Cost impact is indirect but visible. A tool call usually consumes model tokens before and after the external action, and the handler may call Azure Functions, Logic Apps, databases, APIs, storage, or search indexes that have their own charges. Poor schemas can cause repeated calls, large tool results, or loops that inflate both model and downstream cost. Teams should cache stable lookups, return compact results, cap retries, and track per-tool usage. Budgets should include both model consumption and the Azure services that execute the action. Review ownership, idle usage, scale assumptions, chargeback signals, and retention behavior before expanding capacity. Review ownership, idle usage, scale assumptions, chargeback signals, and retention behavior before expanding capacity.

Reliability

Reliability depends on making tool calls deterministic, observable, and recoverable. The model may choose a tool, but the application must validate arguments, handle retries, enforce timeouts, and decide what to do when the downstream system is unavailable. A failed tool should not always fail the whole conversation; sometimes the assistant can ask for clarification or present a safe fallback. Reliable designs isolate handlers, log tool-call identifiers, preserve idempotency, and test degraded paths. Synthetic tests should cover normal, slow, denied, and unavailable tool paths. Test normal operation, degraded behavior, rollback steps, and dependency failure before production changes. Test normal operation, degraded behavior, rollback steps, and dependency failure before production changes.

Performance

Performance is affected because each tool call adds a round trip outside model generation. The user waits for model reasoning, handler execution, downstream service latency, result serialization, and the follow-up model response. Slow tools make an assistant feel slow even when the model is fast. Good designs keep schemas small, validate arguments early, set timeout budgets, cache stable data, and avoid unnecessary chained calls. Monitoring should break out model latency, tool latency, dependency latency, and retry time so teams tune the real bottleneck. Benchmark realistic load, dependency latency, concurrency limits, diagnostic query speed, retry behavior, and rollback impact before declaring the design ready.

Operations

Operators support tool calls by tracking schemas, handler versions, dependency health, identities, approvals, and model behavior changes. They inspect traces that link a user request to a tool name, arguments, execution result, latency, and downstream error. Release runbooks should include schema diffs, safe sample prompts, denied-action examples, rollback steps, and owner contacts. During incidents, operators need to know whether failure came from the model choice, argument validation, the handler, network access, authentication, or the external service. Store repeatable command output, owner contacts, rollback evidence, normal examples, and post-change verification steps with the operational runbook.

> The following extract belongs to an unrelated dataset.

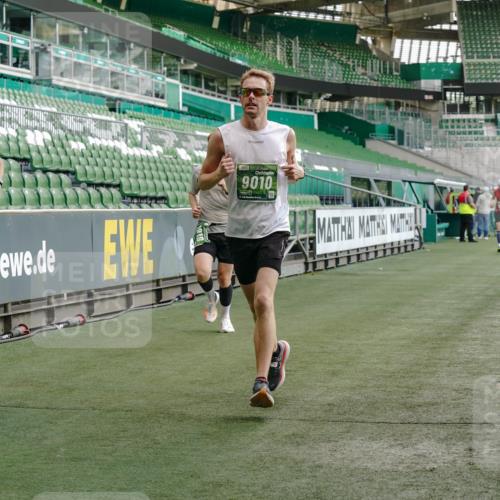 13.09.2026 - 21. swb-Marathon Bremen Michael Burmester http://msf.ph/oto/10448539 13.09.2026 12:47:45 Laufen im Stadion 382, 384, 538, 604, 621, 868, 889, 1349, 1554, 1872, 1925, 2021, 2087, 2266, 2538, 2605, 2646, 2809, 2844, 2956, 3110, 3118, 3127, 3196, 3242, 3284, 3297, 3424, 3466, 3520, 3794, 3910, 4025, 4236, 4239, 4614, 4712, 4729, 4777, 4808, 4992, 5024, 5238, 5283, 5674, 5725, 5803, 5976, 6025, 6053, 6058, 6686, 6708, 6784, 6815, 6951, 7102, 7399, 7538, 7803, 7814, 7871, 8060, 8334, 8611, 8621, 8706, 8877, 8973, 8980, 8981, 8983, 9010, 9061, 9429, 9544, 9689, 9813, 9918, 13034 meine-sportfotos.de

Store repeatable command output, owner contacts, rollback evidence, normal examples, and post-change verification steps with the operational runbook.

Common mistakes

  • Trusting model-generated arguments without server-side validation and user authorization.
  • Giving one broad tool permission to perform many unrelated actions instead of creating narrow, auditable tools.
  • Changing a tool schema without testing whether the model still chooses and fills it correctly.
  • Returning huge tool results that exhaust context window and slow the final model response.
  • Logging raw tool arguments that contain personal data, secrets, or regulated business records.